RT France a alors saisi le Tribunal d’un recours en annulation de la décision du Conseil et a également formulé une demande en référé sollicitant le sursis à l’exécution de la mesure la concernant qui a été rejetéeTUE, ord., 30 mars 2022, n° T-125/22 R, RT France c/ Conseil. faute de satisfaire aux deux conditions cumulatives de l’évidence et de l’urgence.

S’agissant de l’urgence, RT a fait plaider les « conséquences économiques, financières et humaines ‘dramatiques’ », une « grave atteinte à sa réputation » et une « entravée totale et durable de l’activité d’un service d’information » qui ont, tous trois, été écartés.

Pour ce qui est du premier argument, le président du Tribunal estime que les données fournies par RT ne lui ont pas permis d’apprécier si le préjudice invoqué revêt une dimension sociale et s’il n’est que « purement économique et financier », il ne peut, sauf circonstances exceptionnelles, être considéré comme irréparable dans la mesure où une compensation pécuniaire sera à même de rétablir la personne lésée dans la situation antérieure à la survenance du préjudice.
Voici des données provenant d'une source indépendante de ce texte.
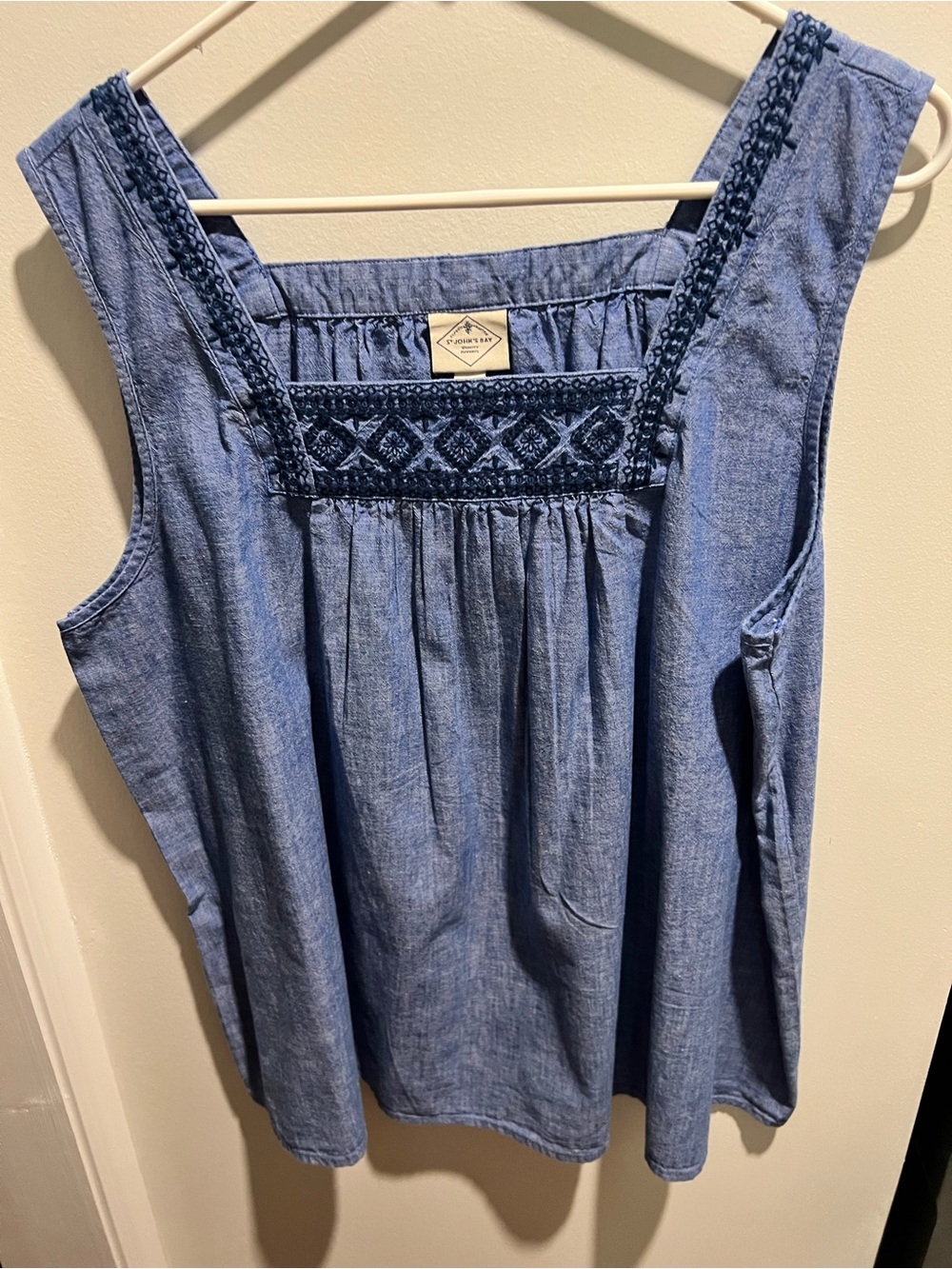 St. John's Bay Blue Chambray Embroidered Square-Neck Tank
Au cas particulier, le président du Tribunal relève que RT s’abstient d’exposer sa situation financière et de fournir la moindre donnée chiffrée qui permettrait d’apprécier le caractère grave et irréparable 0de son préjudice financier.

Le second argument relatif à sa réputation en ce qu’elle est présentée comme un média sous contrôle permanent et exclusif du pouvoir russe, le président du Tribunal souligne malicieusement que l’éventuelle atteinte à sa réputation a déjà été causée et durera tant que la décision attaquée ne sera sera pas annulée par l’arrêt au principal, étant précisé que la finalité d’une procédure de référé n’est pas d’assurer la réparation d’un préjudice déjà subi et une annulation de la décision attaquée au terme de la procédure au fond constituera une réparation suffisante du préjudice moral allégué.

Quant au troisième argument selon lequel RT soutient que la gravité et le caractère irréparable du préjudice seraient établis par le fait qu’il s’agirait d’une entrave totale et durable de l’activité d’un service d’information et que la décision entreprise serait irrémédiable et particulièrement grave au sein de sociétés démocratiques, le président du Tribunal souligne qu’il incombait à RT d’exposer et d’établir la probable survenance d’un tel préjudice et se prévalant en termes « généraux et abstraits » de l’atteinte au caractère démocratique de la société européenne, elle ne précise pas en quoi cette atteinte la concernerait ou l’affecterait elle-même.

La condition relative à l’urgence n’est donc pas établie et la balance des intérêts en cause, est-il retenu, penche en faveur du Conseil puisque les intérêts poursuivis par cette institution visent la nécessité de protéger les États membres contre des campagnes de désinformation et de déstabilisation qui seraient menées par les médias placés sous contrôle des dirigeants russes et qui menaceraient l’ordre et la sécurité publics de l’Union, dans un contexte marqué par une agression militaire contre l’Ukraine.

En revanche, les intérêts dont se prévaut RT se réfèrent à la situation de ses employés et à sa viabilité financière, intérêts d’une société de droit privé dont les activités principales sont temporairement interdites et dans l’hypothèse où elle obtiendrait gain de cause par l’annulation des actes attaqués dans la procédure au fond, le préjudice subi par l’atteinte à ses intérêts pourra être évalué, de sorte que le dommage éventuellement subi pourra faire l’objet d’une réparation ou une compensation ultérieure.

Le président du Tribunal précise par ailleurs que, compte tenu des circonstances exceptionnelles en cause, le juge du fond a décidé de statuer selon une procédure accélérée , de sorte que RT obtiendra dans les meilleurs délais la réponse à sa demande d’annulation.